■ WHAT IS BEING ASKED ■
Below is a block of entries; repeat exactly the lines starting at the line that contains "Miniatura 4 de" and ending at the line that contains "Tramway with six", both included.

··········

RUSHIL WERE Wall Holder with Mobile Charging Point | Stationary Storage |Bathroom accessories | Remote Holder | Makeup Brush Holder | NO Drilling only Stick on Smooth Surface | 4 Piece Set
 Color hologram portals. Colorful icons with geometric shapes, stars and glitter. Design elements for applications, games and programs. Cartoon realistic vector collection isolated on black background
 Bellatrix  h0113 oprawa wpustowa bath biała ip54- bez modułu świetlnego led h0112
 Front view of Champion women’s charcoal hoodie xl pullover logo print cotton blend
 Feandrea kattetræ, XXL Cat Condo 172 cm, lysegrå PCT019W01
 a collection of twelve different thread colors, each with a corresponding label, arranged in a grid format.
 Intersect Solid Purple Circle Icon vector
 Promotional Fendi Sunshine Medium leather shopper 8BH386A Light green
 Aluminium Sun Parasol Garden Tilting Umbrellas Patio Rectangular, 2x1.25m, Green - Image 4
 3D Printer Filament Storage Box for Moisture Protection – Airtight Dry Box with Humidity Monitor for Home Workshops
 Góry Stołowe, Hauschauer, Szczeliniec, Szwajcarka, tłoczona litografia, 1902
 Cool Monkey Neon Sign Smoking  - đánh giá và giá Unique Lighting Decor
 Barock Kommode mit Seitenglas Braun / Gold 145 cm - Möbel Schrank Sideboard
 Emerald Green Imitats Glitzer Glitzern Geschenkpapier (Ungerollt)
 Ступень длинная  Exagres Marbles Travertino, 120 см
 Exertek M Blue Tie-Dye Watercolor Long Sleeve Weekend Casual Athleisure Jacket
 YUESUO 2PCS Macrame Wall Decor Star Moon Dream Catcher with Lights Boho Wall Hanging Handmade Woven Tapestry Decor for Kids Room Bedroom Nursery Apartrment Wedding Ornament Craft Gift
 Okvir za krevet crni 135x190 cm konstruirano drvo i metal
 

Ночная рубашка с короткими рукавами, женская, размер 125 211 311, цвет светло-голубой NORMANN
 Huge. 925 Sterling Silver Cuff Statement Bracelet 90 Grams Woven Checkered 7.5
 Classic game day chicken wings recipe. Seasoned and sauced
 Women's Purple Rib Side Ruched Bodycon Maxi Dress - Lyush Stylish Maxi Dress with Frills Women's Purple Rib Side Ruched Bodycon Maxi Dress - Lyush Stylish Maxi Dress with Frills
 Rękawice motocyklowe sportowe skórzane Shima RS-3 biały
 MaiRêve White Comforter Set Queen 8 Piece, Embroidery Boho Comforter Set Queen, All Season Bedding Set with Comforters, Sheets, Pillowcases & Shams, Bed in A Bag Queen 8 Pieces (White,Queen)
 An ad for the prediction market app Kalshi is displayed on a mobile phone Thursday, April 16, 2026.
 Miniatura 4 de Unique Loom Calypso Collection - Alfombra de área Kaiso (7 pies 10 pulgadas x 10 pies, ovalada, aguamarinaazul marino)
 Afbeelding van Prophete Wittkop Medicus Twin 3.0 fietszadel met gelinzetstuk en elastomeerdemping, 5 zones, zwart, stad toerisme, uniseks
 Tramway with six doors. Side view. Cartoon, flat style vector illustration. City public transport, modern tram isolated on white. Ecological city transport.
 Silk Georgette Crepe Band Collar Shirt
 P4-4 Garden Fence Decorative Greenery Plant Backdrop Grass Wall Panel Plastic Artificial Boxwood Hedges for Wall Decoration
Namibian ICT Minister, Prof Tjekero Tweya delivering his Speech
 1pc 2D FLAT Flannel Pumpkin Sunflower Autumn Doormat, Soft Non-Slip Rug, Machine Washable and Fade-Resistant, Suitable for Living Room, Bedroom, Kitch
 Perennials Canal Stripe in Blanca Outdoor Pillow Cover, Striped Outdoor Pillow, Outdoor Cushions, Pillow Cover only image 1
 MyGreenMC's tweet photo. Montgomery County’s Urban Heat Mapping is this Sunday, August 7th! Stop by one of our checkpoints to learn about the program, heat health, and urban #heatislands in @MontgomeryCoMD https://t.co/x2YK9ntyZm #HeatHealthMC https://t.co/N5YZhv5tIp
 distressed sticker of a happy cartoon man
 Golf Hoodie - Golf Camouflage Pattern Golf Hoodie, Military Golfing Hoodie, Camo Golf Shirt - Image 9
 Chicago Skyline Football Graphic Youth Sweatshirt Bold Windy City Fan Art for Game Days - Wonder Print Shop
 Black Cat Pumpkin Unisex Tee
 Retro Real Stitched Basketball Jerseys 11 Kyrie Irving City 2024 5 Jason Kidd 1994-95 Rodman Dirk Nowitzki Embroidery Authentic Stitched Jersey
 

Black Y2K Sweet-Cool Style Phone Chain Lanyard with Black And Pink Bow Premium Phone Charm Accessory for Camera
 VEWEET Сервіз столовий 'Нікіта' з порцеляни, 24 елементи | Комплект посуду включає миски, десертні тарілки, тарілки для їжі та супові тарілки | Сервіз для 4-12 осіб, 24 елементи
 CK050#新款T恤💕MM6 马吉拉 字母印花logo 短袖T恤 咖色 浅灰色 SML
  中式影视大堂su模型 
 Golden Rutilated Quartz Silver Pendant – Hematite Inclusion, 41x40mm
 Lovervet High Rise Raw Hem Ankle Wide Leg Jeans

··········

■ ANSWER TO THIS TASK ■
 Miniatura 4 de Unique Loom Calypso Collection - Alfombra de área Kaiso (7 pies 10 pulgadas x 10 pies, ovalada, aguamarinaazul marino)
 Afbeelding van Prophete Wittkop Medicus Twin 3.0 fietszadel met gelinzetstuk en elastomeerdemping, 5 zones, zwart, stad toerisme, uniseks
 Tramway with six doors. Side view. Cartoon, flat style vector illustration. City public transport, modern tram isolated on white. Ecological city transport.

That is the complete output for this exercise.